En haut: La famille voyage en train de la Macédoine du Nord à la Serbie. En bas: Alia quitte sa maison pour aller à l’école dans la ville de Duiven (Photo: .)


En haut: le voyage en famille avec d’autres migrants le long de la voie ferrée. En bas: assis dans un café de la ville d’Arnhem, aux Pays-Bas (Photo: .)

Aujourd’hui, la famille vit dans une maison de deux chambres avec un toit en tuiles de briques brunes et un jardin à l’arrière dans la verdoyante Duiven, près de la frontière néerlandaise avec l’Allemagne.

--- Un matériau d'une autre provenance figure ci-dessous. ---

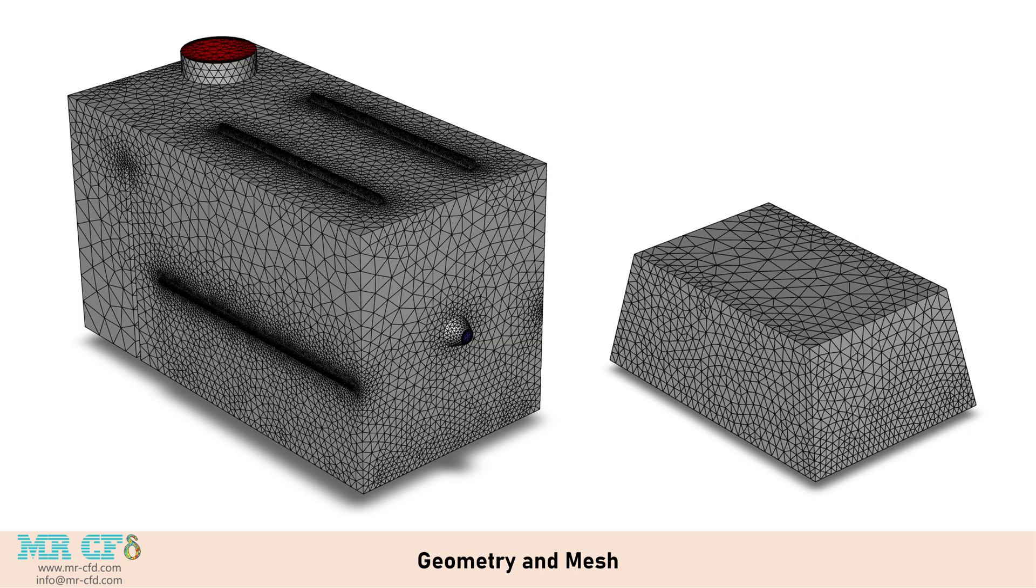In addition, an unstructured mesh grid was carried out using ANSYS meshing software, and overall, 513,233 elements were generated.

«Enfin, nous pourrions avoir tout ce que nous voulions: une vie normale comme n’importe quelle autre famille aux Pays-Bas», a déclaré Ahmad.

Grâce à leur nouveau statut, la famille reçoit une allocation gouvernementale mensuelle de 1 400 euros (1 630 dollars). La mairie de Duiven leur a accordé un prêt de rénovation de 3 500 euros qu’ils remboursent par mensualités.

Sur leur allocation, ils paient le loyer, la sécurité sociale, les assurances, l’électricité, le téléphone et les factures Internet.